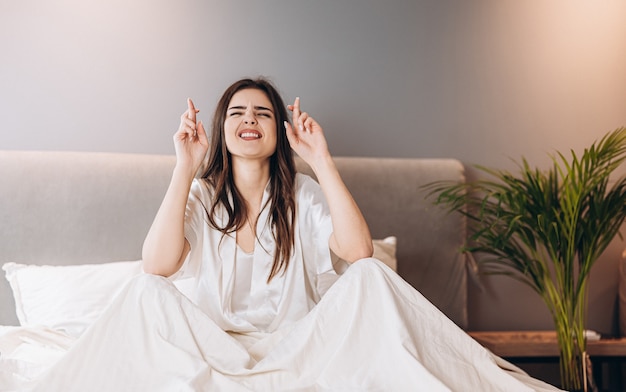 Jovem mulher na cama de pijama branco cruzou os dedos para dar sorte. de manhã ou à noite antes de um evento importante. a mulher está nervosa.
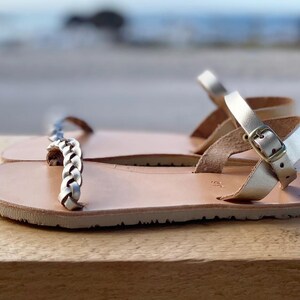 Side view of a gold handcrafted leather barefoot sandal on a neutral background, highlighting the zero-drop architecture and premium artisanal quality.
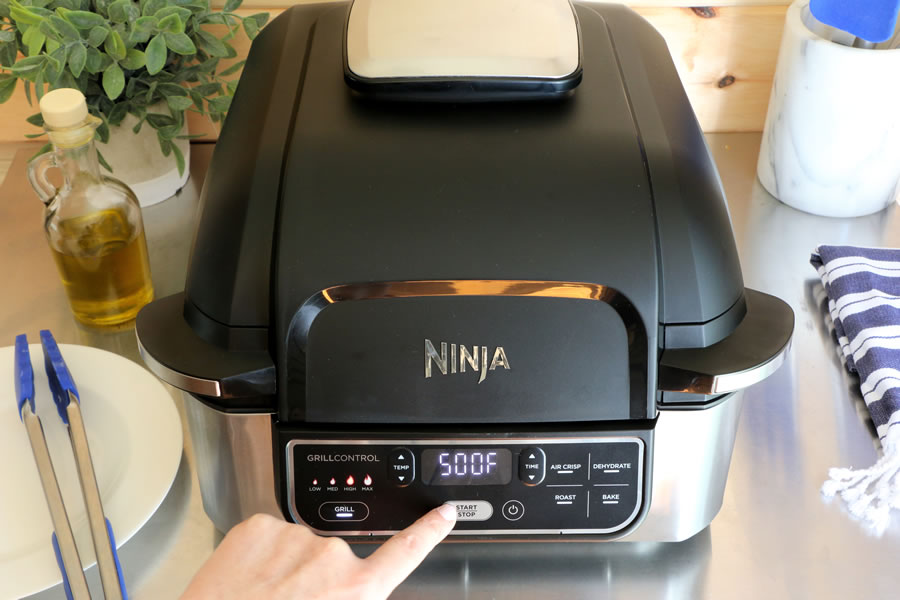 The Ninja Foodi Grill preheating on high 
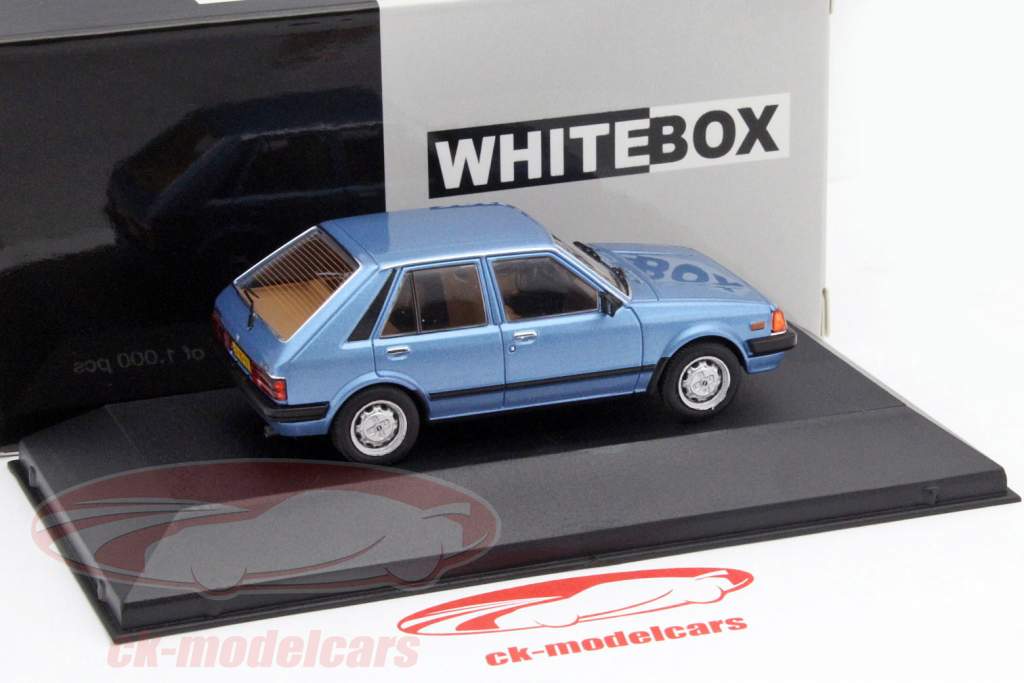 Mazda 323 Hatchback año 1982 azul 1:43 WhiteBox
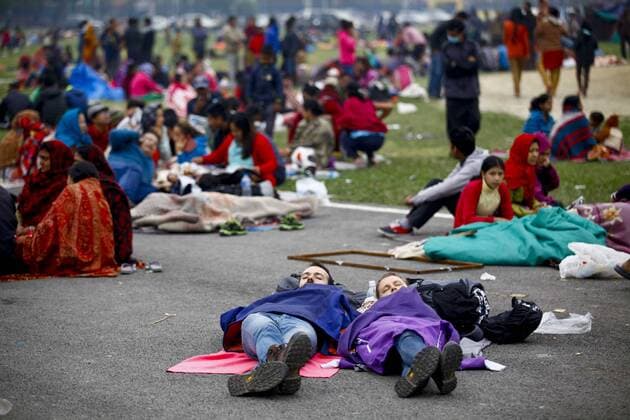 (150426) -- KATHMANDU, April 26, 2015 -- Tourists sleep at an open space after an earthquake in Kathmandu, Nepal, April 26, 2015. The death toll from a powerful earthquake which struck Nepal on Saturday has climbed to 1, 896 including 723 in the Nepal s capital Kathmandu, a senior government official told Xinhua on Sunday morning. ) NEPAL-EARTHQUAKE-AFTERMATH PratapxThapa 
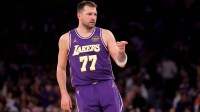 Los Angeles Lakers guard Luka Doncic (77) points in the direction of Knicks fan Spike Lee (not pictured) after a three point shot against the New York Knicks during the third quarter at Madison Square Garden.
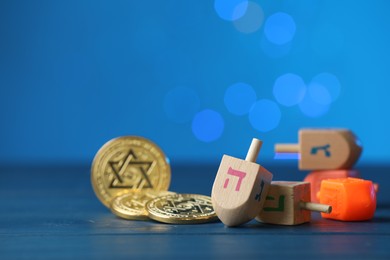 Photo of Hanukkah celebration. Dreidels with jewish letters and coins against blue background with blurred lights, closeup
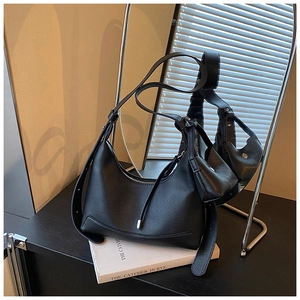 Detail of black lychee grain leather hobo bag with adjustable strap and mini coin purse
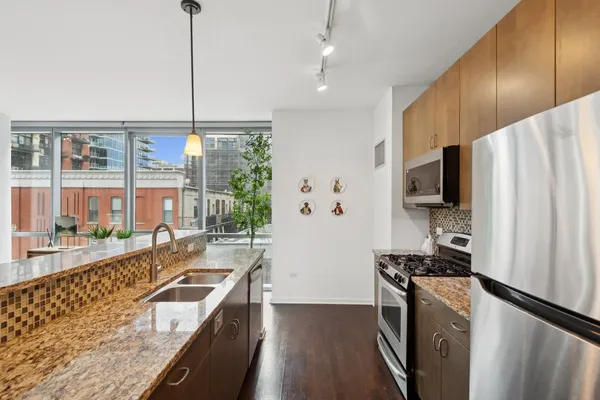 a kitchen with stainless steel appliances granite countertop a refrigerator a stove and a sink with wooden floor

(WORK TO COMPLETE):
Exactly the lines from the one that contains "Los Angeles Lakers" through the final line of the records above are needed, given again word for word, with every picture left out.

(EXERCISE SOLUTION):
 Los Angeles Lakers guard Luka Doncic (77) points in the direction of Knicks fan Spike Lee (not pictured) after a three point shot against the New York Knicks during the third quarter at Madison Square Garden.
 Photo of Hanukkah celebration. Dreidels with jewish letters and coins against blue background with blurred lights, closeup
 Detail of black lychee grain leather hobo bag with adjustable strap and mini coin purse
 a kitchen with stainless steel appliances granite countertop a refrigerator a stove and a sink with wooden floor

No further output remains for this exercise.